The records must be retyped exactly, with no pictures included.

Items listed in a dataset:
- - - - - - -

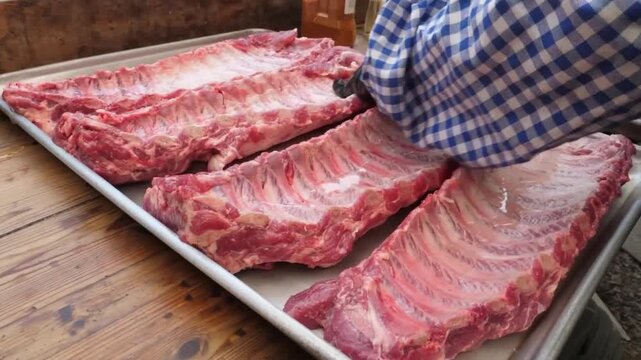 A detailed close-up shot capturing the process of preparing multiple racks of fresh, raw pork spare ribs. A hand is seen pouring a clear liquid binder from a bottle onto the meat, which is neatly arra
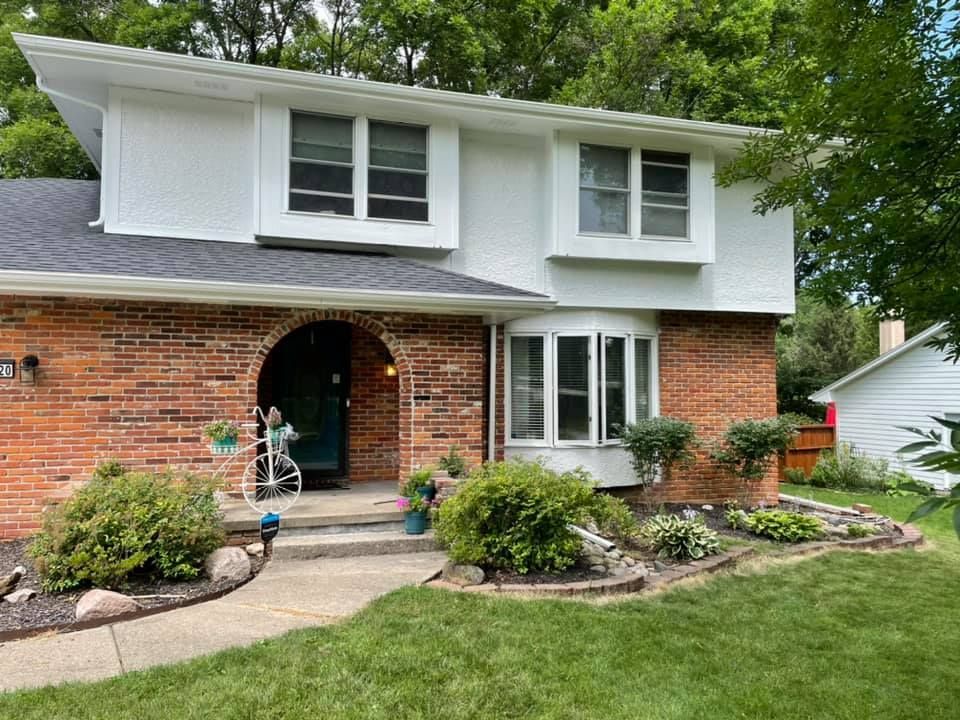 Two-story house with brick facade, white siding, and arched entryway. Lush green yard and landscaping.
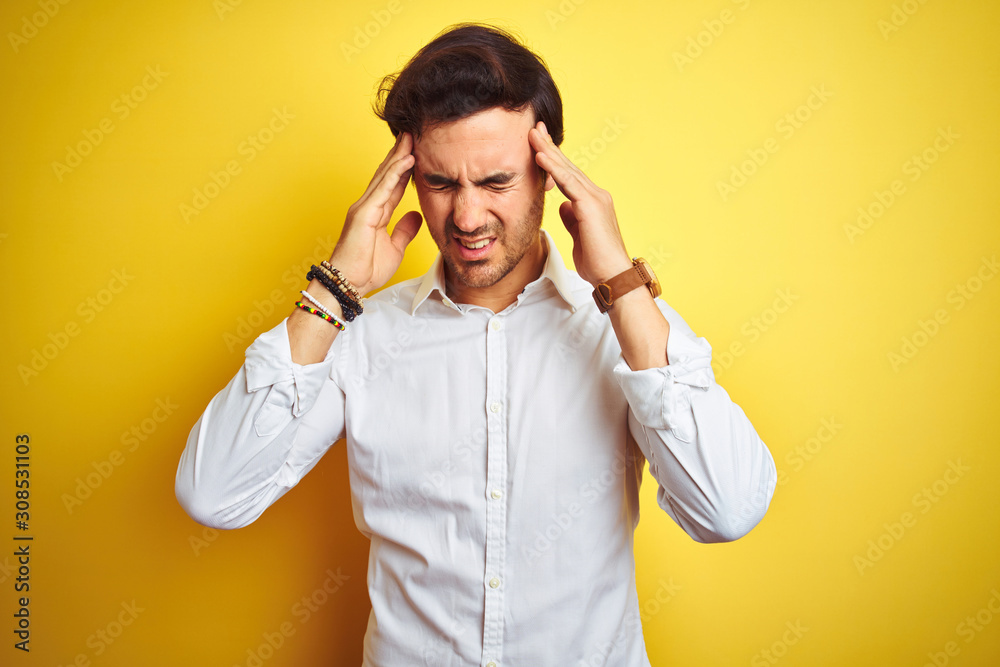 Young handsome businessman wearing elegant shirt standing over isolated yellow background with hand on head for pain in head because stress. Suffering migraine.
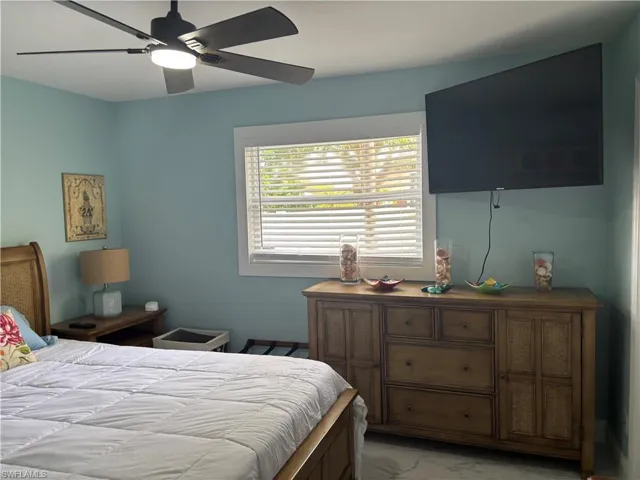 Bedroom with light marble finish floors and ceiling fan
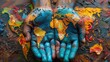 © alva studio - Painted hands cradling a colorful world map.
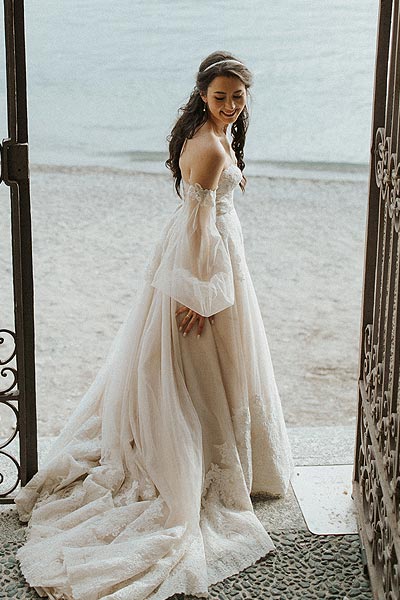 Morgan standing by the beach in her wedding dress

- - - - - - -

## SOLUTION FOR THIS EXERCISE
 A detailed close-up shot capturing the process of preparing multiple racks of fresh, raw pork spare ribs. A hand is seen pouring a clear liquid binder from a bottle onto the meat, which is neatly arra
 Two-story house with brick facade, white siding, and arched entryway. Lush green yard and landscaping.
 Young handsome businessman wearing elegant shirt standing over isolated yellow background with hand on head for pain in head because stress. Suffering migraine.
 Bedroom with light marble finish floors and ceiling fan
 © alva studio - Painted hands cradling a colorful world map.
 Morgan standing by the beach in her wedding dress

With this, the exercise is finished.